**Assignment**
In the listing below, locate the line with "vidaXL Tăblie de pat, 186x4x110 cm, lemn masiv de pin vidaXL" and the line with "23Rd Floor Luxury", then output both and everything between them exactly, minus any pictures.

**Data**
************
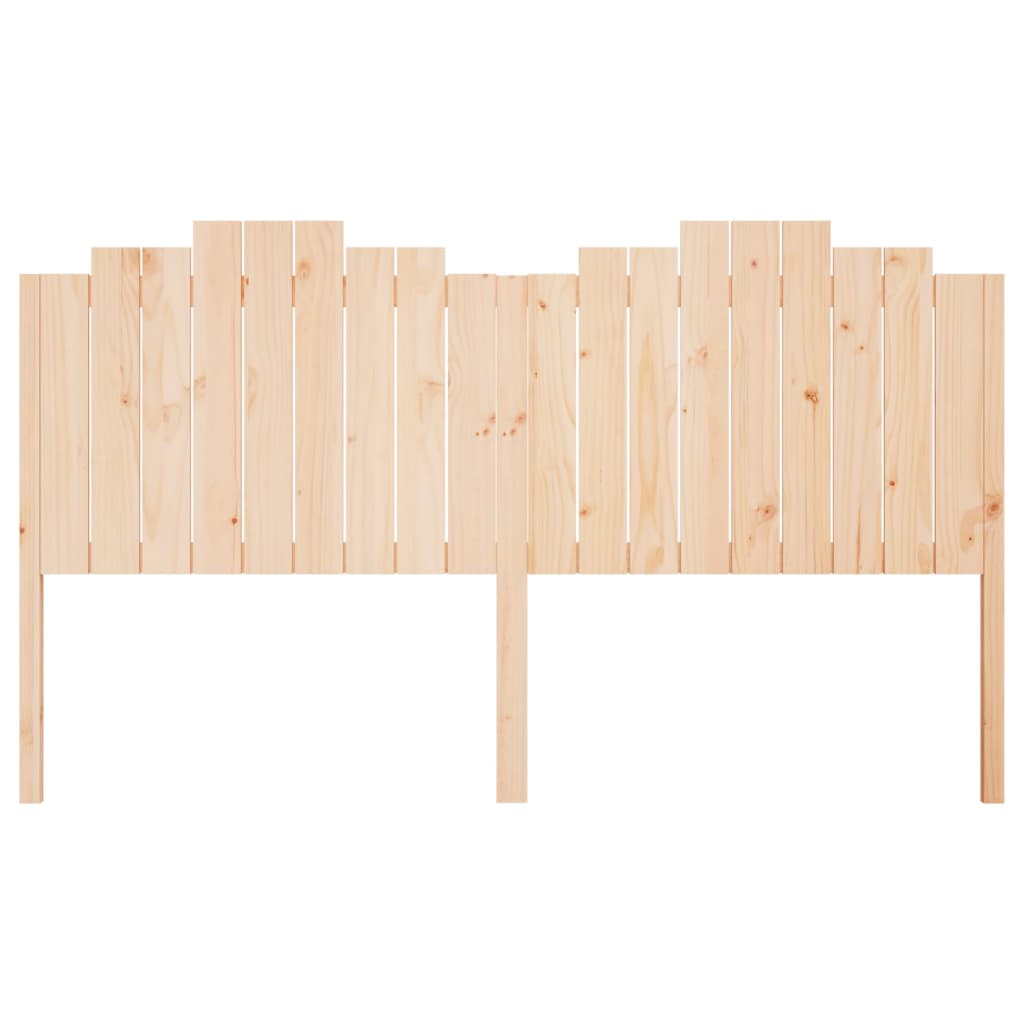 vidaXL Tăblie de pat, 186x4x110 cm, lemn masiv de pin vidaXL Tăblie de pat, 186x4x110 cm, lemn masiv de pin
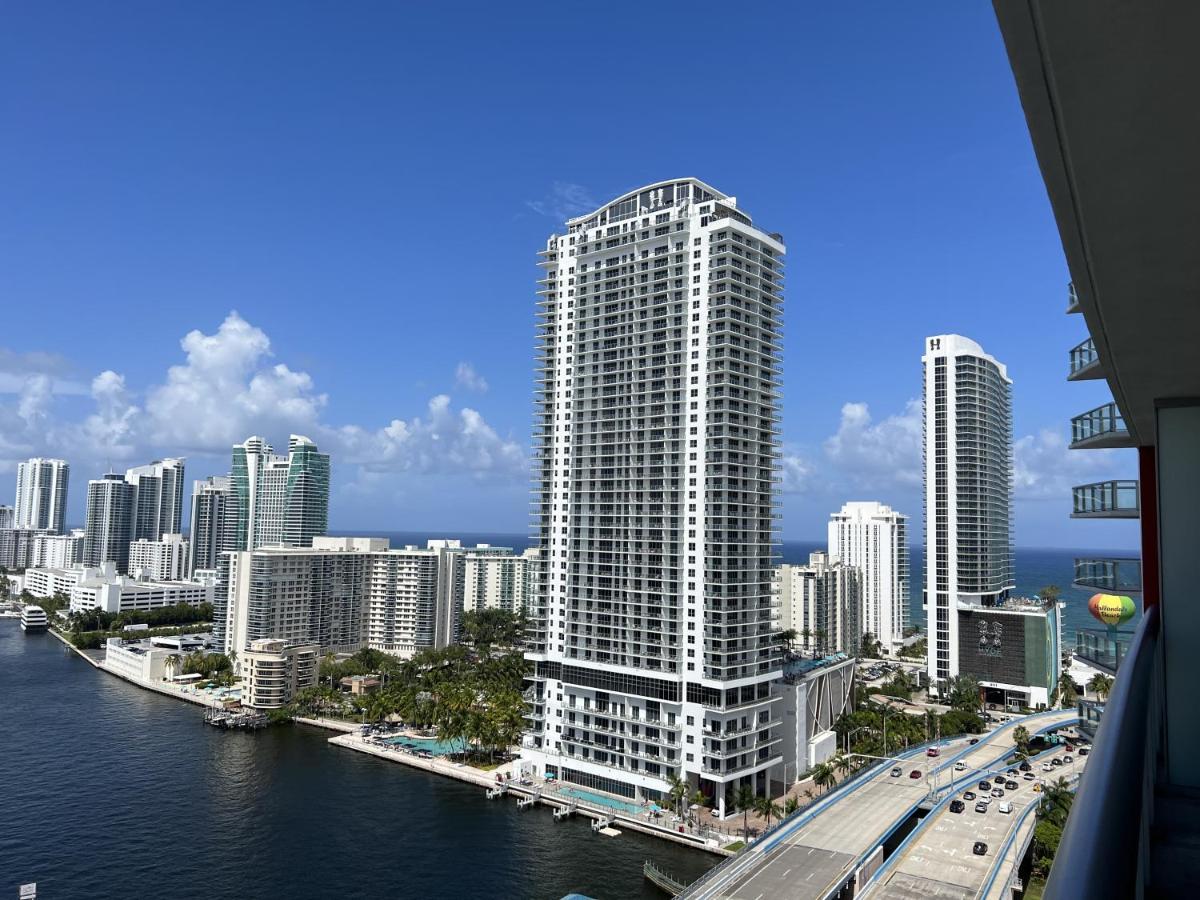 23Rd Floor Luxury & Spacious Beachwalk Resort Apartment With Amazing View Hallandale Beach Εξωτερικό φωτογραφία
************
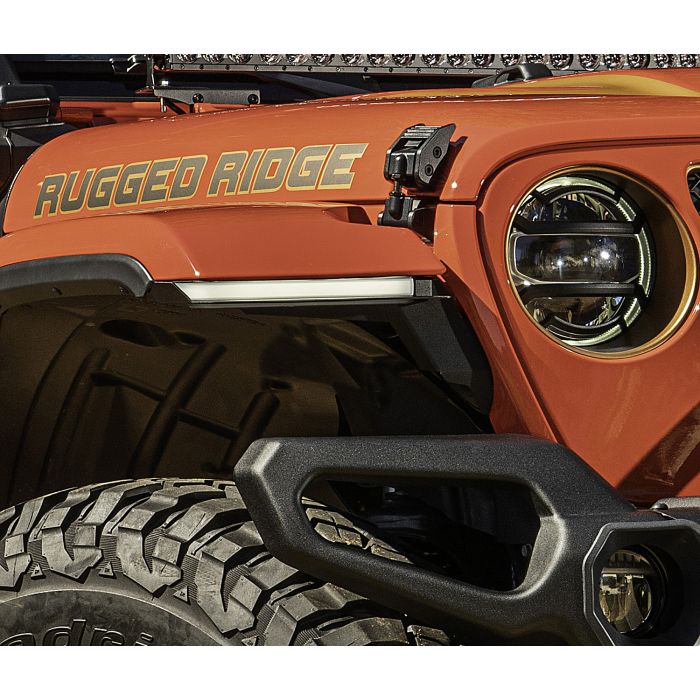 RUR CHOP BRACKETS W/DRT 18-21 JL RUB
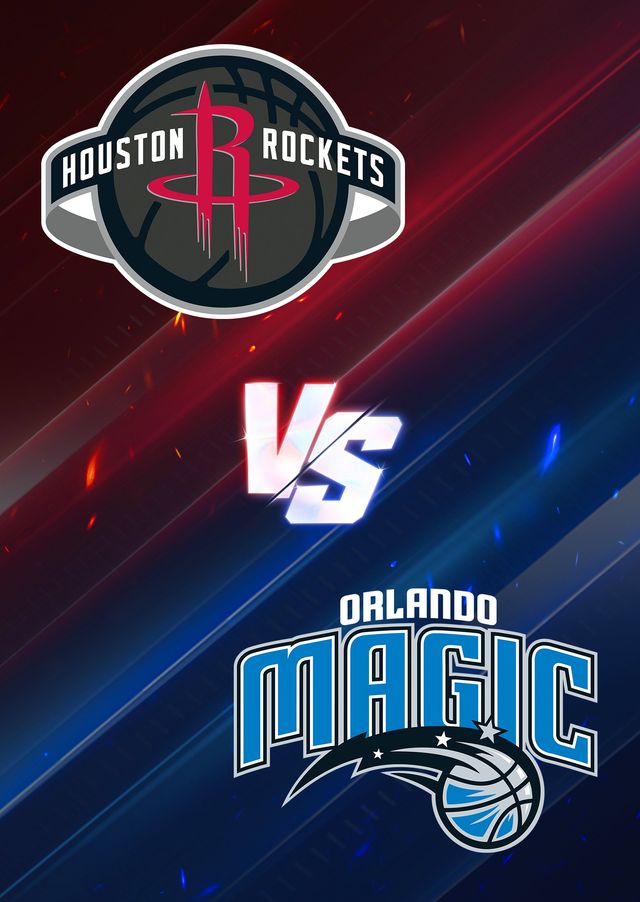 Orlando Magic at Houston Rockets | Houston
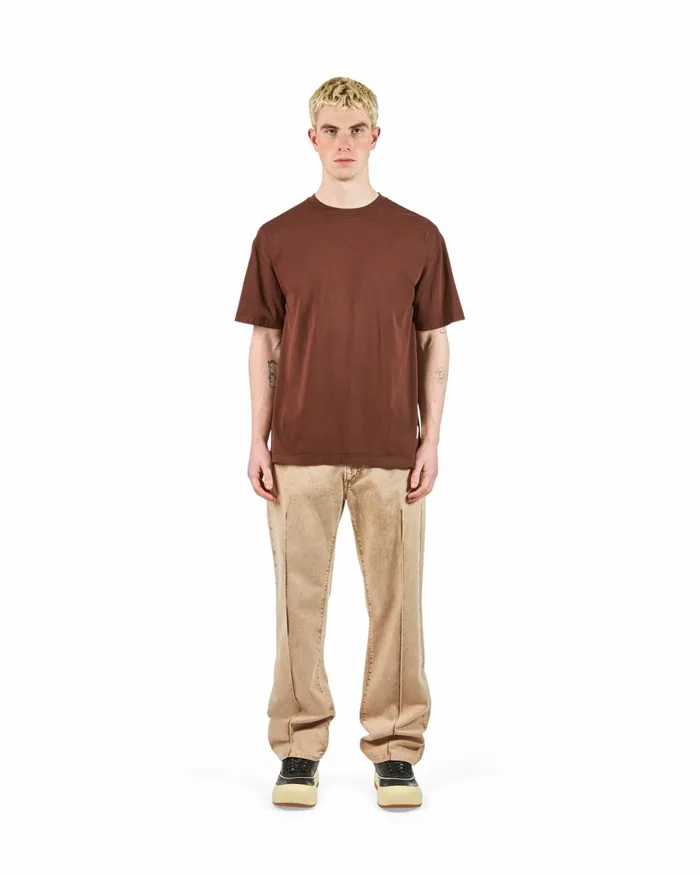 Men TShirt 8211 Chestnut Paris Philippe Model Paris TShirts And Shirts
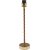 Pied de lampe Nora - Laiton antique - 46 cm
************
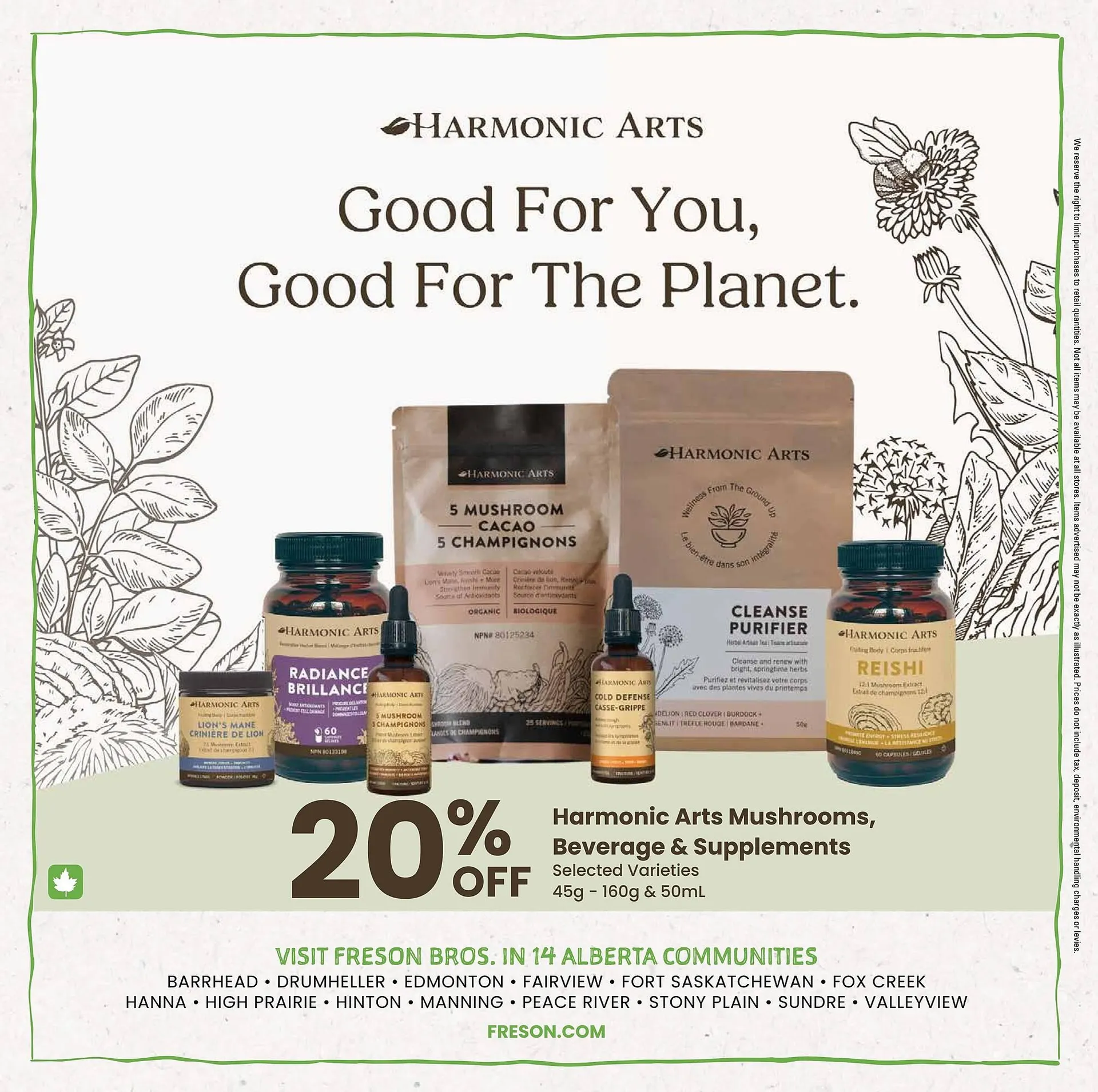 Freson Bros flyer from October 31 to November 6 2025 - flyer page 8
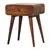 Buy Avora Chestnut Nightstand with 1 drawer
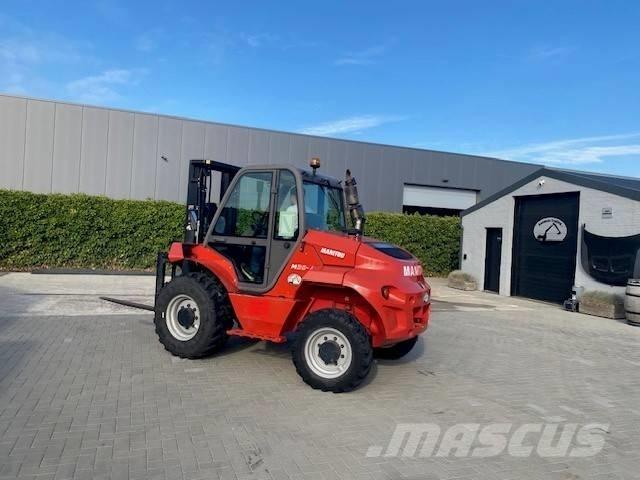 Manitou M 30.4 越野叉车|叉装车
************
**Answer section**
 vidaXL Tăblie de pat, 186x4x110 cm, lemn masiv de pin vidaXL Tăblie de pat, 186x4x110 cm, lemn masiv de pin
 23Rd Floor Luxury & Spacious Beachwalk Resort Apartment With Amazing View Hallandale Beach Εξωτερικό φωτογραφία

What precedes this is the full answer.